Search Unity

Raycast collision, delta time, and you!

Discussion in 'Scripting' started by PicklesIIDX, Nov 9, 2010.

  1. PicklesIIDX

    PicklesIIDX

    Joined:
    Aug 4, 2009
    Posts:
    32
    Hey there,

    So I'm using raycasting to make custom 2d collisions with 3d objects (yay platformer). I'm curious if there is a good way of doing this while remaining framerate independent. For example, if my rays have a distance of 0.5, normally they will work fine when the framerate is stable (if movement is based off of deltaTime). But, if the framerate skips, the movement increases, which allows the objects to breach that 0.5 ray distance, and do things like go through walls.
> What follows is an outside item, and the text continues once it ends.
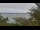 Webcam in Belle Mare, 1751.1 km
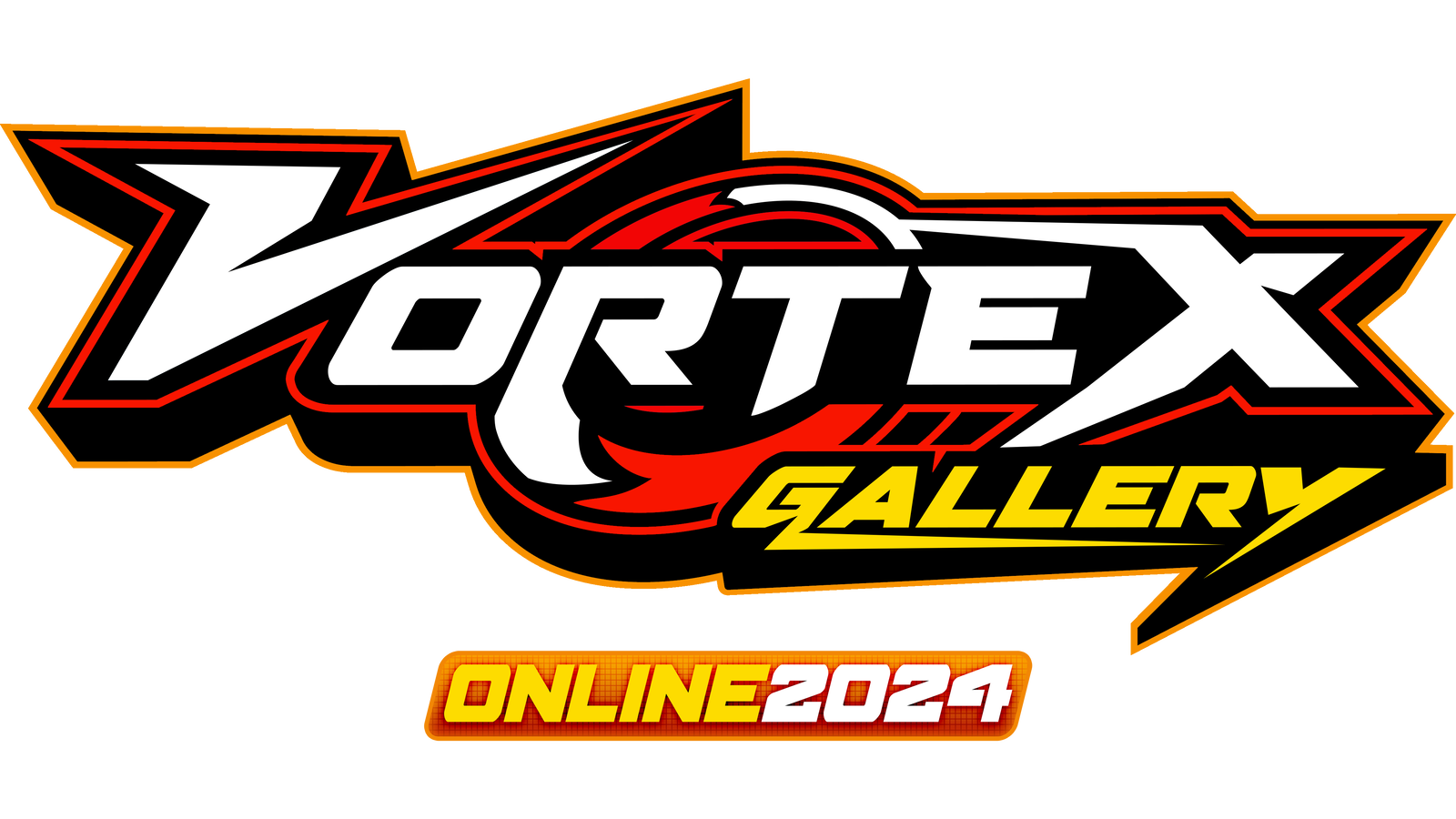 Vortex Gallery Online 2024 GBVSR部門 (Japan)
    I'm thinking that I may also have to multiply the rays by deltaTime...but it doesn't seem that simple...The object needs to know it has physically moved past the point where the ray wouldn't check collision...

    Currently I have simply removed the deltaTime, and am no longer framerate independent, but I know that my objects won't go through walls.

    Any suggestions on a way to use raycasting intelligently so that I can stay framerate independent?

    Thanks.
     
  2. BlobVanDam

    BlobVanDam

    Joined:
    Jun 28, 2010
    Posts:
    88
    Your raycast length should be the distance your object is moving for that frame, and do the check before you move the object. My game uses only raycasting to move my player (a 2D platformer), and it's pretty good even down to about 10fps (I haven't done a lot of testing at lower framerates yet).
     
  3. PicklesIIDX

    PicklesIIDX

    Joined:
    Aug 4, 2009
    Posts:
    32
    That does seem to work. Thanks there.

    Although I do want to tighten it up a bit. If I let it figure out the last bit of distance itself before a collision, it will slide the character all over the place. A step past that was to just have the character stop on any collision detected. Because of the nature of that, we sometimes get gaps between the player and the wall...

    I'm going to play around with it, but any ideas on how to make that character always perfectly flush with the colliding surface?